En remportant le prix David en 1984 pour l'ensemble de son œuvre, Jean-Guy Pilon recevait une reconnaissance institutionnelle importante. Son œuvre, avec une certaine discrétion, est toujours citée et réactivée sans que, fondamentalement, elle ne reçoive une lecture mieux accordée aux problématiques actuelles. Dégagée de sa gangue historique et de l'enfermement idéologique auquel on la réduit, cette œuvre s'ouvre à de toutes nouvelles perspectives dont on peut dorénavant décanter ce qui appartient aux données contextuelles et ce qui, indifféremment, qualifie le poème et nous induit dans la mise au jour d'une démarche créatrice singulière.

-Roger Chamberland




:: Résumé de carrière

Poète, Jean-Guy Pilon est né en 1930 à Saint-Polycarpe (Vaudreuil-Soulanges). Il fait ses études classiques à Valleyfield et à Rigaud. Licencié en droit de l'Université de Montréal en 1954, il entre la même année à Radio-Canada à titre de réalisateur. En 1970, il fonde le Service des émissions culturelles à la radio, qu'il dirige jusqu'à la fin de 1984. Animateur littéraire, il participe à la mise sur pied des éditions de l'Hexagone (1953), de la Rencontre des écrivains (1957), de la revue Liberté (1959), qu'il animera durant vingt ans, et de la Rencontre québécoise internationale des écrivains (1972).
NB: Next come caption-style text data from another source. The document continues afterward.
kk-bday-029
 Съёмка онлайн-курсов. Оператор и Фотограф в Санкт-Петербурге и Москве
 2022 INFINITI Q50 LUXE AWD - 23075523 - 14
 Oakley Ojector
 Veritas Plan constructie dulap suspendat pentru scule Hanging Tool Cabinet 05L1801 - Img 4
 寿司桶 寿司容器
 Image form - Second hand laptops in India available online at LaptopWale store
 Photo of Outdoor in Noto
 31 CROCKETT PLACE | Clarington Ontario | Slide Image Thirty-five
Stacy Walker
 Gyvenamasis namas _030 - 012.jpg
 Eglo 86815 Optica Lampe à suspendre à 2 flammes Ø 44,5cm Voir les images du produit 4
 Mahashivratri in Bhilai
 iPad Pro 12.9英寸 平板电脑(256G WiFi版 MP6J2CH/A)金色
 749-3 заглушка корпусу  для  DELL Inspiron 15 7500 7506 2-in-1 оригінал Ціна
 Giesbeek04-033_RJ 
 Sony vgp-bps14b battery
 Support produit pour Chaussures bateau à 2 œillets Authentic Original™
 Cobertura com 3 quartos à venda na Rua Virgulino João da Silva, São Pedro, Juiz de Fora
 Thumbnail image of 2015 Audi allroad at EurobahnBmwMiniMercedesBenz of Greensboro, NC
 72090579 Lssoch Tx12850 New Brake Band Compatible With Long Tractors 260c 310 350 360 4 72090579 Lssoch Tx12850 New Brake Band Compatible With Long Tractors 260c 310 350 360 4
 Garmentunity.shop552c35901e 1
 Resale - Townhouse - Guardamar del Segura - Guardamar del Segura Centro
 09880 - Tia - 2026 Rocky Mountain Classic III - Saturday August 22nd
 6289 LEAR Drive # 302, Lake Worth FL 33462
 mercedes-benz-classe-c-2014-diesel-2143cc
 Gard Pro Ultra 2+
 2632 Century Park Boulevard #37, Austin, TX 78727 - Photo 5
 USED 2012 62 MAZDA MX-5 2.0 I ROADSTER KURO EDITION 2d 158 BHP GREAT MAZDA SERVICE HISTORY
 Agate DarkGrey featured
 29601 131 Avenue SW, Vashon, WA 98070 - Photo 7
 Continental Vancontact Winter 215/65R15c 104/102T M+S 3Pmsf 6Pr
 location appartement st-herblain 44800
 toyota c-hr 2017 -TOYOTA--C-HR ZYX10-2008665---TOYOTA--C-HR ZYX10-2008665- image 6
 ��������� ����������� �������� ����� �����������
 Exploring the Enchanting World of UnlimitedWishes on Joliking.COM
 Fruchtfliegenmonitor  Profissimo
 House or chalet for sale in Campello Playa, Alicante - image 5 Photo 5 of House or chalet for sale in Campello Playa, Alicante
Membre de la Société royale du Canada depuis 1967, il est élu, en 1982, président de l'Académie canadienne­-française. En 1984, il obtient le prix David pour l'ensemble de son œuvre.
Quand il commence à écrire au début des années cinquante, Jean-Guy Pilon établit sa filiation avec les premiers modernes qué­bécois, notamment Alain Grandbois, puis, avec Les Cloîtres de l'été (1954), place sa voix à hauteur d'homme et affiche ses raisons de vivre. Sa poésie, déjà personnalisée, à l'allure libre et maîtrisée, s'engage à l'encontre d'une société figée et de la morale des clercs pour rapatrier l'homme en son désir et en son espoir. Par l'inter­rogation inquiète ou dans l'illumination de la réalité, à travers bonheur et souffrance, le poète se livre à la découverte de soi et de son lieu. Dès lors il n'a de cesse de dire et de nommer sa relation à l'amour, ses liens au paysage, son appartenance et son «recours au pays», dans un lyrisme animé par des images de tendresse ou de véhémence et par la musique intérieure des mots. D'un même mouvement, de La Mouette et le large (1960) à Dix Phrases pour Jérusalem (1977), il chante les pays et les capitales, convie à l'ami­tié, évoque chaleur, beauté et lumière, toujours dans la mémoire de l'origine et la présence de la femme aimée et célébrée. Signifiant sa démarche, Jean-Guy Pilon écrit: «Je veux remplir tout l'espace de mon nom: poète.» À juste titre, son œuvre réalise la naissance et l'accomplissement d'une parole vraie.